Work item: Reproduce precisely the lines of the material below from the line containing "LATERN 10Pcs A4" up to and including its last line. Pictures must not be copied.

Recorded information:
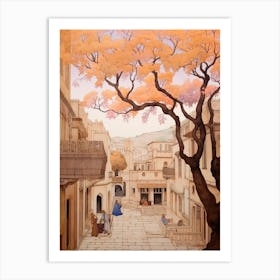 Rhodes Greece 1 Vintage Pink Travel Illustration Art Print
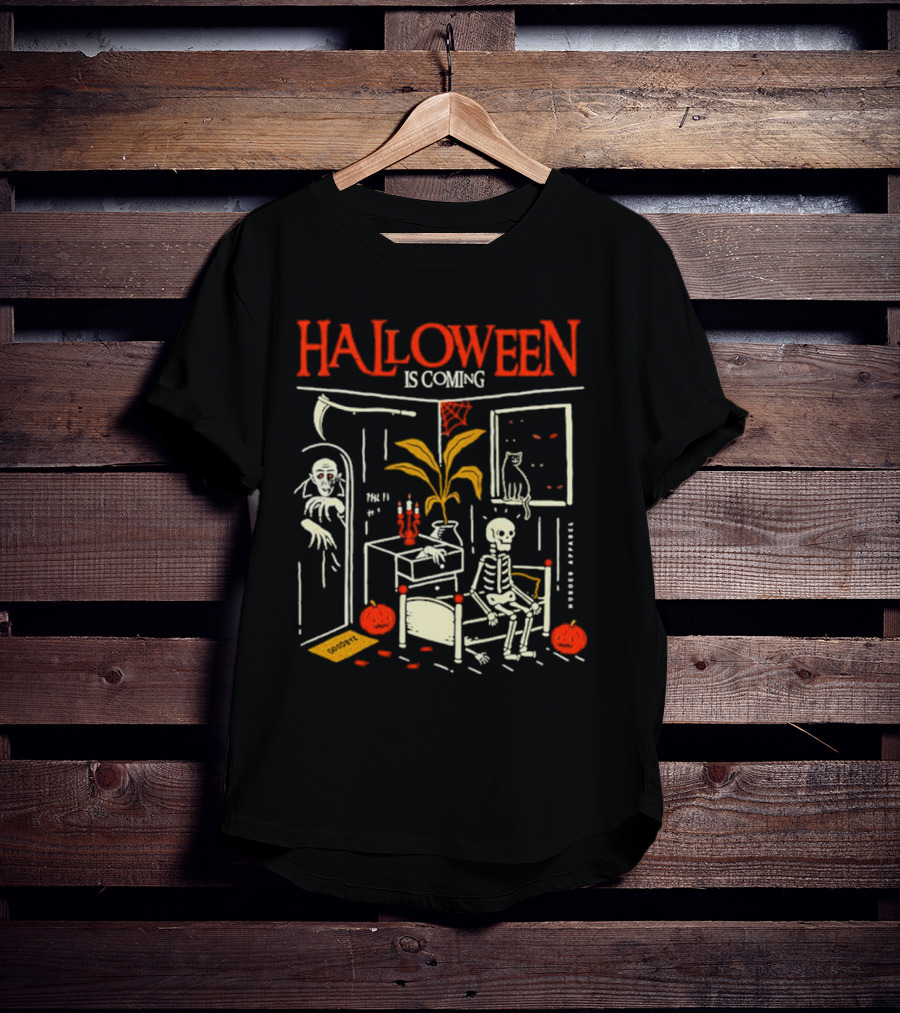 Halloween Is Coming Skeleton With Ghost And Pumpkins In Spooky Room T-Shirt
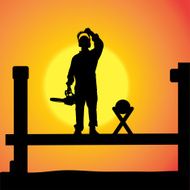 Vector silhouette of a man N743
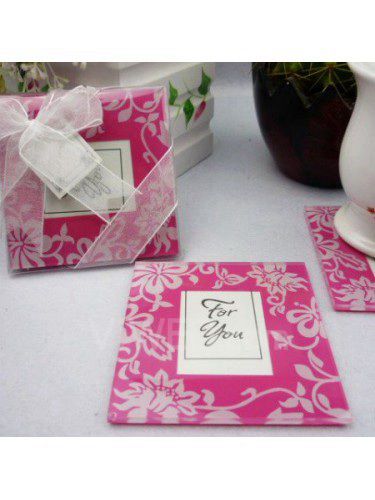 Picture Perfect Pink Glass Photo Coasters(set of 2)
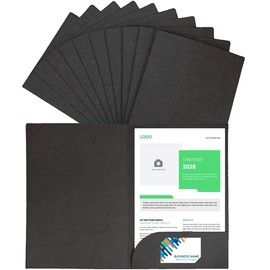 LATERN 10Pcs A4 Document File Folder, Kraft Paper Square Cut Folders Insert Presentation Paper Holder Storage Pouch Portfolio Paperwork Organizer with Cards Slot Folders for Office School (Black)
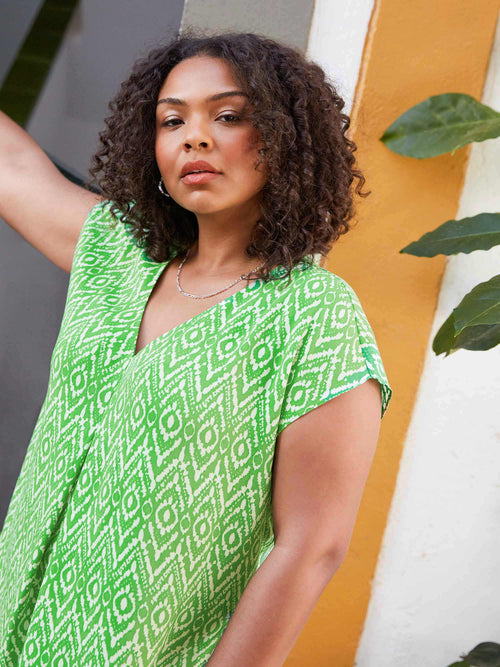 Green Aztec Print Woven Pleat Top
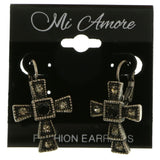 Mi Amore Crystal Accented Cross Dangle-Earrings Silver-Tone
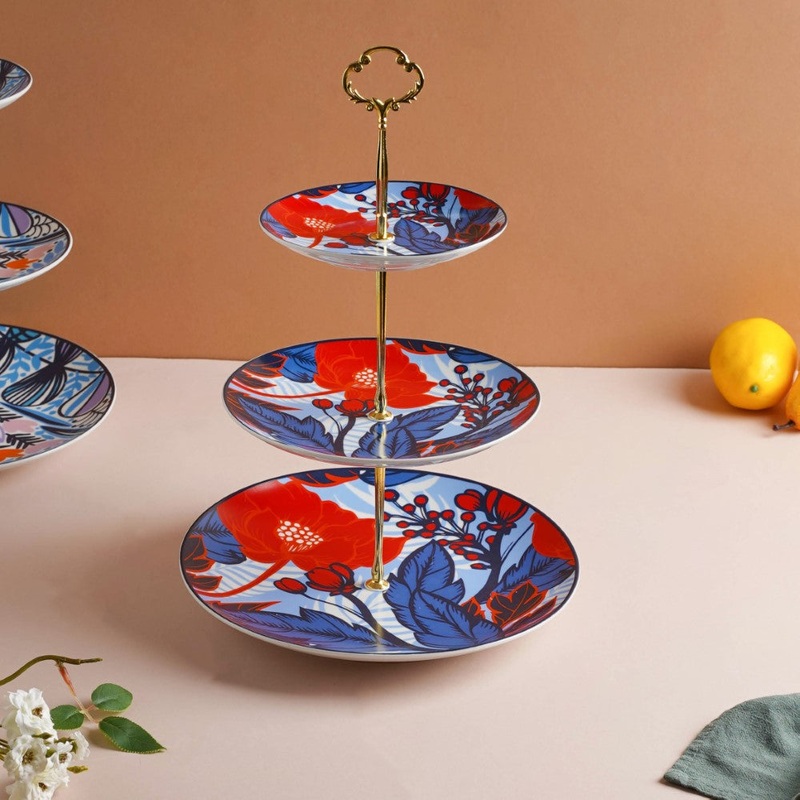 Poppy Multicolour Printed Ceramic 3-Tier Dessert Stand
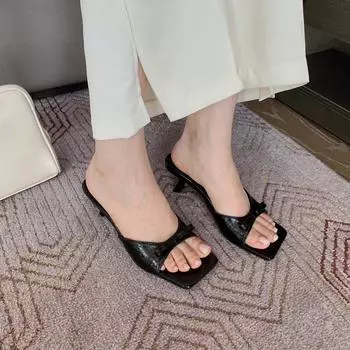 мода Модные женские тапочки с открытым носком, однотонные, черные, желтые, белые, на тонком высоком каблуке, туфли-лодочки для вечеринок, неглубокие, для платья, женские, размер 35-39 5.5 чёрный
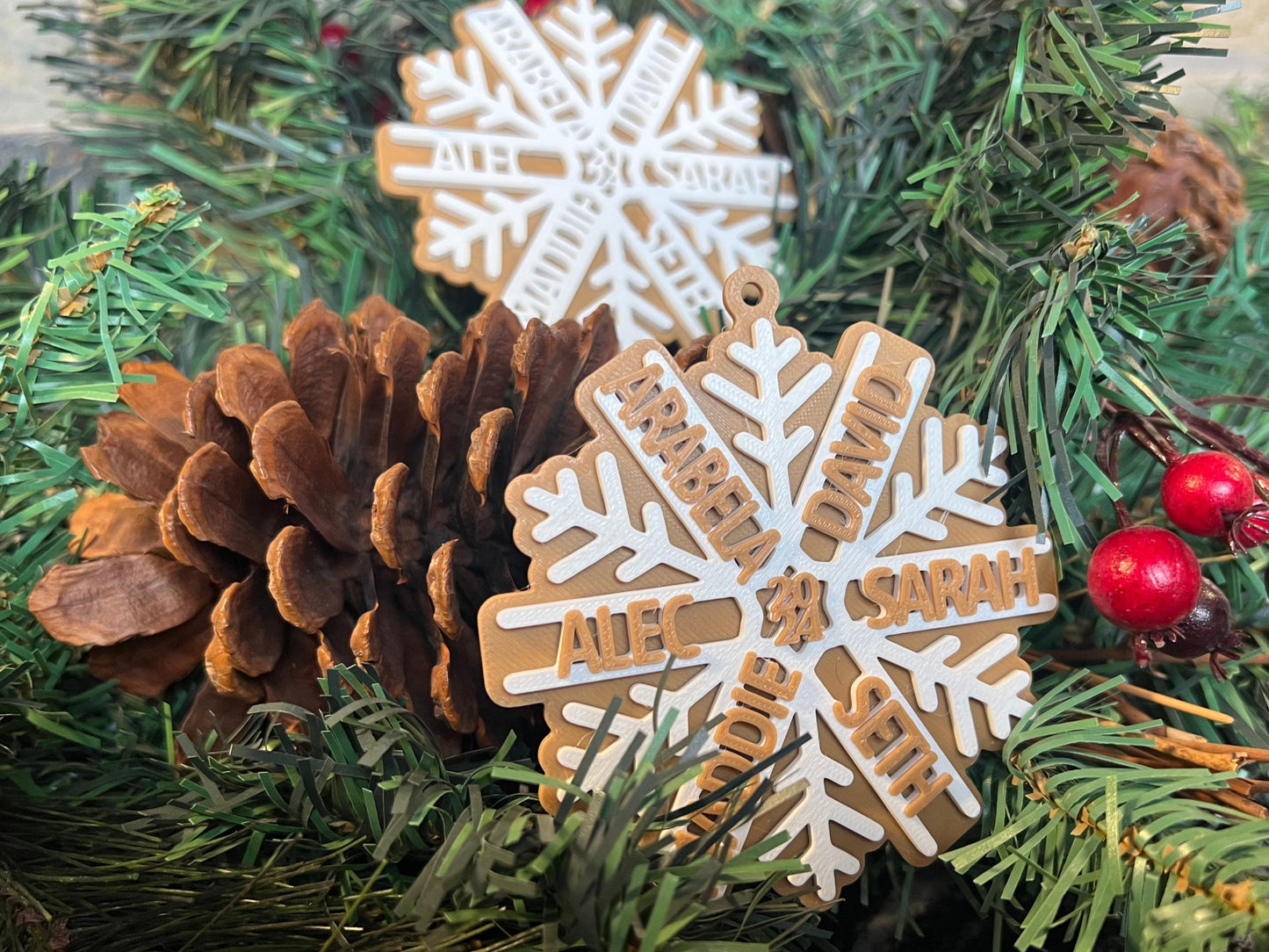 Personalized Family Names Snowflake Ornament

Task output:
 LATERN 10Pcs A4 Document File Folder, Kraft Paper Square Cut Folders Insert Presentation Paper Holder Storage Pouch Portfolio Paperwork Organizer with Cards Slot Folders for Office School (Black)
 Green Aztec Print Woven Pleat Top
 Mi Amore Crystal Accented Cross Dangle-Earrings Silver-Tone
 Poppy Multicolour Printed Ceramic 3-Tier Dessert Stand
 мода Модные женские тапочки с открытым носком, однотонные, черные, желтые, белые, на тонком высоком каблуке, туфли-лодочки для вечеринок, неглубокие, для платья, женские, размер 35-39 5.5 чёрный
 Personalized Family Names Snowflake Ornament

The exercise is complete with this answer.